Beziehungen zu den USA und zu den Mitgliedsstaaten der Europäischen Union
Das iranisch-amerikanische Verhältnis ist seit der Islamischen Revolution 1979 zerrüttet. Iran unterhält weder zu den USA noch zu Israel diplomatische Beziehungen. Die Spannungen verschärften sich durch den Konflikt um das iranische Atomprogramm, und durch die auch von der Bundesrepublik und der EU auf das Schärfste verurteilten wiederholten anti-israelischen Drohungen des iranischen Präsidenten Ahmadinedschad. Iran scheint aber vorsichtig bereit, mit den USA ins Gespräch zu kommen. So fanden bislang drei trilaterale Gesprächsrunden (Irak, Iran, USA) auf Botschafterebene in Bagdad statt. Mit der Wahl Barack Obamas zum US-Präsidenten, die von weiten Teilen der iranischen Bevölkerung begrüßt wurde, verbindet sich die Hoffnung auf einen Wiederannäherungsprozess zwischen Iran und den USA. Vorsichtige Überlegungen der USA, wieder eine Interessenvertretung in Iran zu eröffnen, sind derzeit wieder in den Hintergrund getreten.
Den Nahost-Friedensprozess lehnt Iran weiterhin ab. Iran unterstützt von jeher Hamas, Hisbollah und Palästinensisch-Islamistischen Dschihad.
In den Beziehungen der Europäischen Union zu Iran bleibt der Konflikt um das iranische Nuklearprogramm weiterhin das beherrschende Thema (weitere Informationen zur Entwicklung des Nukleardossiers siehe Link in der rechten Spalte). Die Ereignisse im Anschluss an die iranischen Präsidentschaftswahlen am 12. Juni 2009 belasten die Beziehungen zusätzlich.
Die EU legt in ihren Beziehungen zu Iran den Fokus vor allem auf die vier Hauptproblemfelder Menschenrechte, iranische Unterstützung radikaler Gruppierungen außerhalb Irans, die iranische Ablehnung des Existenzrechts Israels und des Nahost-Friedensprozesses sowie Sicherheitsfragen (Proliferation von Massenvernichtungswaffen).

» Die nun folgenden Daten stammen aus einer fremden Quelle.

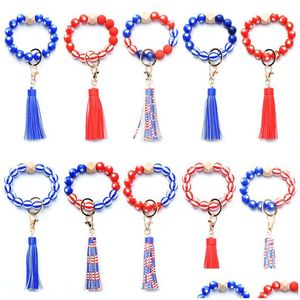 Andra festliga festförsörjningar American Flag Creative Bead Armband Keychain Patriotic Day 4th of JY Wristband Key Ring Drop Deliver Dhmyx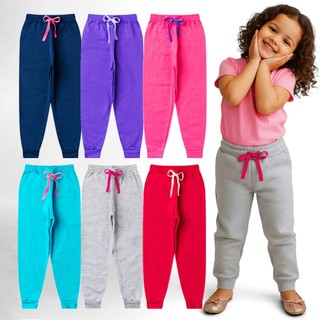 3 ou 5 Calças Moletom Infantil Menina Inverno Peluciado Kit Sortido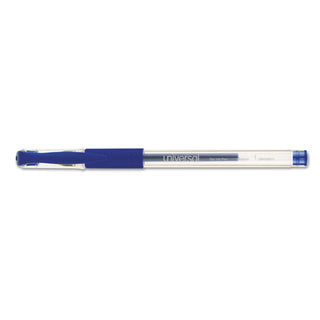 Universal® Comfort Grip Gel Pen, Stick, Medium 0.7 mm, Blue Ink, Clear Barrel, Dozen (UNV39511)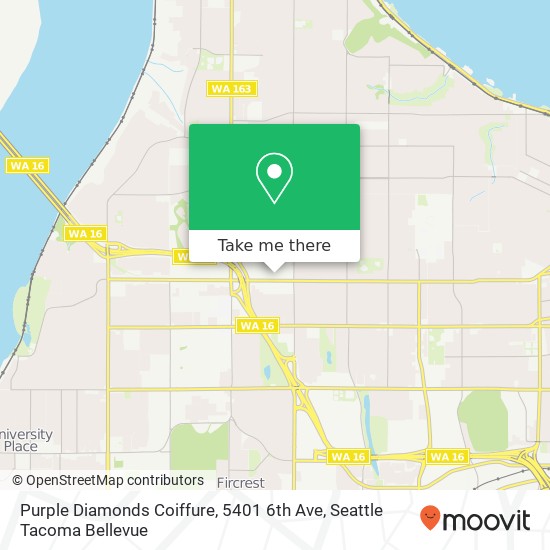 Mapa de Purple Diamonds Coiffure, 5401 6th Ave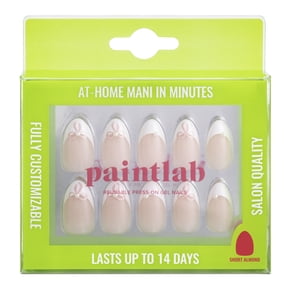 PaintLab Short Almond Press on Nails 3D, Belle Bows, White French Tip, 30 Count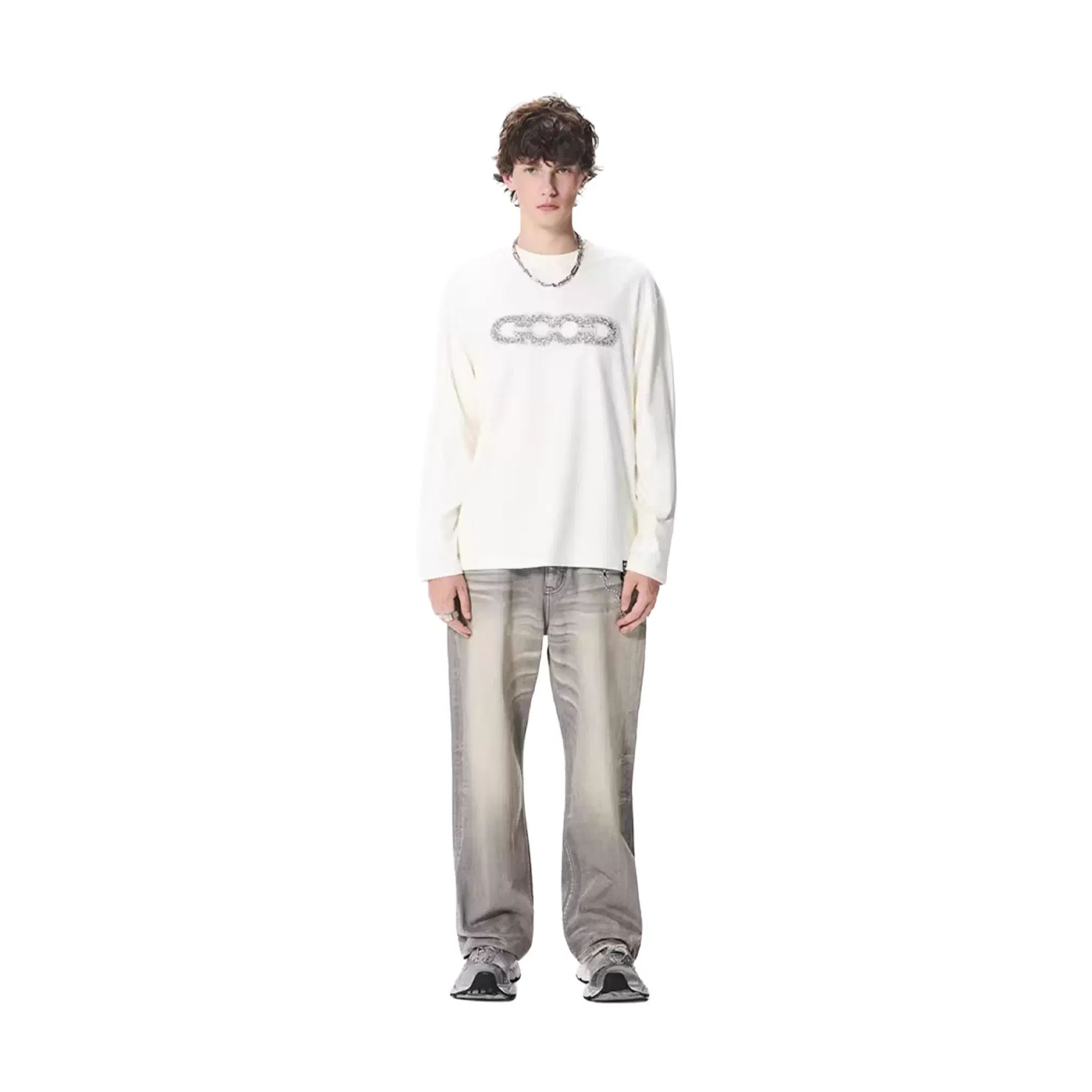 GOODBRAND Good Map Sequin Embroidered Long Sleeved Tee White (FW25)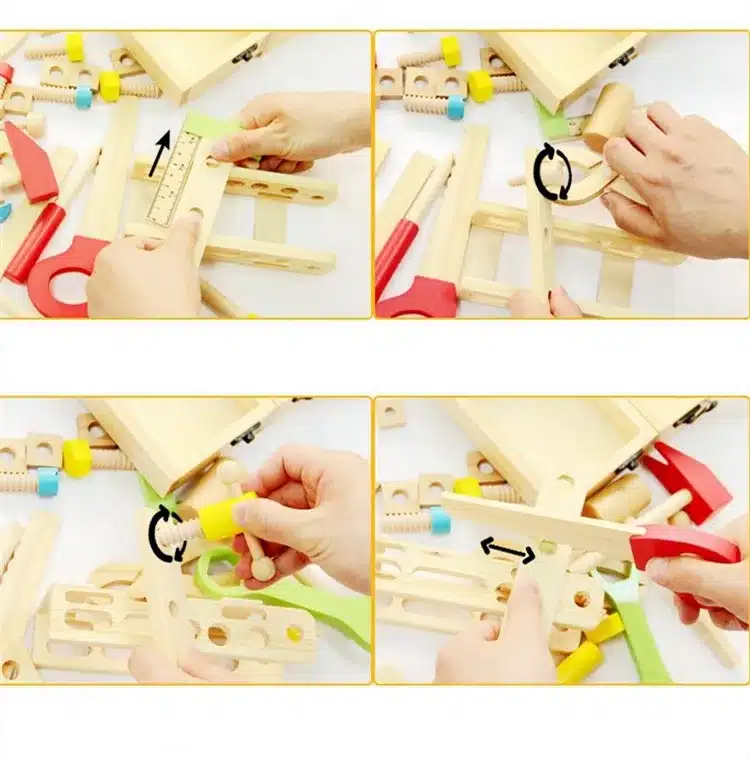 Baby Toys Kids Wooden Multifunctional Tool Set Maintenance Box Wooden Toy Baby Nut Combination Chirstmas/Birthday Gift 14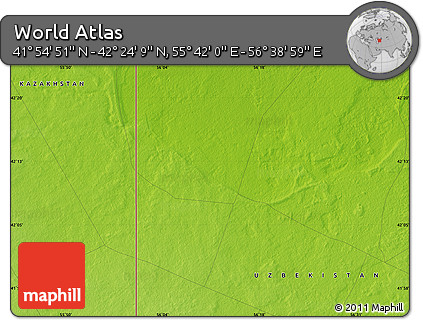 Physical Map of the Area around 42° 9' 30" N, 56° 10' 29" E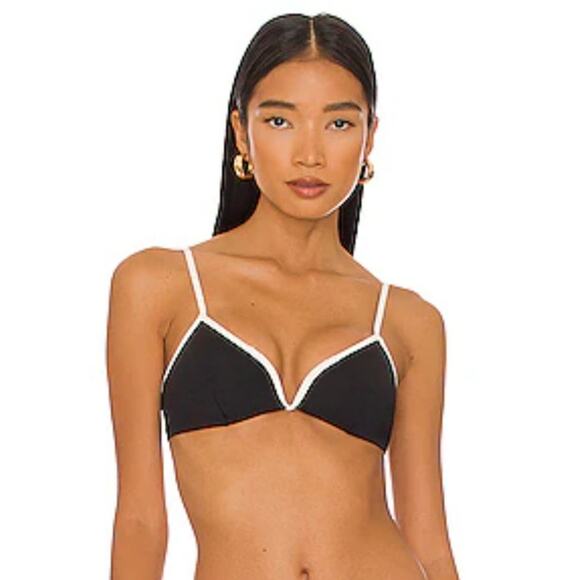 L*Space Helena Bikini Top in Black Cream Size Medium V Wired Front NWT - Picture 1 of 5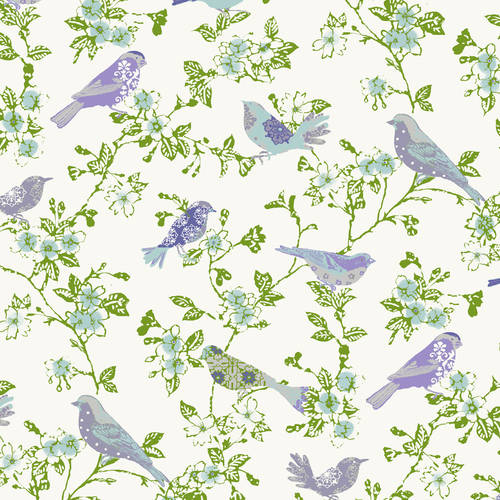 Waverly Inspirations Cotton 44" Birds Lilac Color Sewing Fabric by the Yard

Deutschland bleibt zusammen mit den EU-Partnern weiterhin bestrebt, auf eine Verbesserung der Menschenrechtslage in Iran hinzuwirken. Die EU hat in Demarchen und öffentlichen Erklärungen wiederholt eine Verbesserung der Menschenrechtslage in Iran angemahnt. Der Menschenrechtsdialog zwischen der EU und Iran wird seit 2006durch Iran blockiert. Hintergrund ist die EU Unterstützung für Iran-kritische Menschenrechtsresolutionen bei den Vereinten Nationen.
Die Wirtschafts- und Handelsbeziehungen Irans zu den EU-Staaten sind infolge der Auseinandersetzung um das iranische Atomprogramm mittelfristig rückläufig. Die durch den Sicherheitsrat der Vereinten Nationen verabschiedeten Resolutionen 1737,1747 und 1803 (23.12.2006, 24.03.2007 und 03.03.2008) sehen die Verhängung von Sanktionen gegen Iran vor. Die Sanktionen der Sicherheitsratsresolutionen hat die EU umgehend umgesetzt und qualitativ erweitert, zuletzt durch den Gemeinsamen Standpunkt vom 7. August 2008 und die EG-Verordnung Nr. 1110 vom 10.11.2008.
Hinweis
Dieser Text stellt eine Basisinformation dar. Er wird regelmäßig aktualisiert. Eine Gewähr für die Richtigkeit und Vollständigkeit der Angaben kann nicht übernommen werden.